Al principio, lo vio como una oportunidad. «Ahora que la gente no me conoce y no me tratan mal, podré hacer amigos. Lo intenté en la primera noche, pero al día siguiente ya me choqué con esa barrera. Se habían formado grupitos, me habían dejado de lado y no entendía qué había hecho mal. Con el tiempo fui conociendo a gente, pero igual, no pasaron de conocidos». Frente a la rigidez normativa de un instituto, se «perdía» en la libertad de la universidad. Y sufría la distancia con casa, tres horas de tren. «Tenía que ir todos los fines de semana; si no, me encontraba mal». Superó el primer año, pero llegó el 'burnout', una de sus variadas expresiones anglosajonas. Un colapso por el agotamiento de no encajar que afectó a sus notas. «Lo tuve que dejar». Encerrada en la habitación entre el ruido de una residencia, de sus fiestas.

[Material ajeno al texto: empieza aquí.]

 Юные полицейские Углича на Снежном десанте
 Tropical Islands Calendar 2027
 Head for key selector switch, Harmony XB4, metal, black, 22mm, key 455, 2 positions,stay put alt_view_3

Se reenganchó en Segovia con la formación profesional de laboratorio. A raíz del fiasco en la universidad, dio una segunda oportunidad al autismo y empezó a documentarse. «Chicas de mi edad, con diagnóstico tardío, que se sentían como yo, no habían encajado en ningún sitio». Lo compartió con su madre, escéptica al principio, pues tenía el mismo estereotipo del niño raro y las matemáticas. Hasta aquella mañana en la que volvió hecha pedazos de la fábrica, empezó a cuadrar todo y un mes y medio después tenía una valoración positiva de Autismo Segovia. Pero entre una cosa y la otra, Sandra siguió luchado contra sí misma, una chica tímida que desarrolló ansiedad social en el instituto por el 'bullying', así lo trataba su psicóloga.
Su primer trabajo fue en una conocida hamburguesería, un contexto hostil para alguien que no soporta las voces. «Sin experiencia laboral, es el único sitio en el que te cogen. Dije, adelante, voy a intentar superar la ansiedad social». Pero necesitaba que alguien le dijera que recogiera la mesa. Es una currante, pero su punto débil es la iniciativa, necesita órdenes específicas. «Me echaron a los cinco días. Yo hacía las cosas bien, pero lo típico, me vieron como una molestia». Y eso que sonreía a los clientes, un punto más de su guion. Porque era metódica, las entrevistas las pasaba. «Hacía 'masking'. Lo sentía como una actuación».
De ahí a una cadena de pizzerías: aguantó el mes de prueba en la cocina. «Peor todavía. Era muy pequeño, nos íbamos chocando, el ruido, los gritos de la gente, hacerlo todo rápido». Y atender las llamadas. «El teléfono, con mi ansiedad social, complicado... Yo aguanté, pero llegaba a casa agotadísima. Y aun así, al día siguiente, volvía. Y me daban ataques de ansiedad al ir. ¿Si todo el mundo puede trabajar, por qué yo no iba a poder? Me tendré que esforzar más». Por eso probó de cajera en un supermercado. «Tenía que pensar en poner una sonrisa, ofrecer bolsas, pero cobraba bien. Había un guion y yo lo seguía, pero cuando algo se salía de él, me bloqueaba y tenía que llamar al encargado. Yo sentía que lo estaba superando». Estuvo cuatro días. Su empleo más breve, una sola noche, fue el peor: aquella fábrica. El último 'burnout'.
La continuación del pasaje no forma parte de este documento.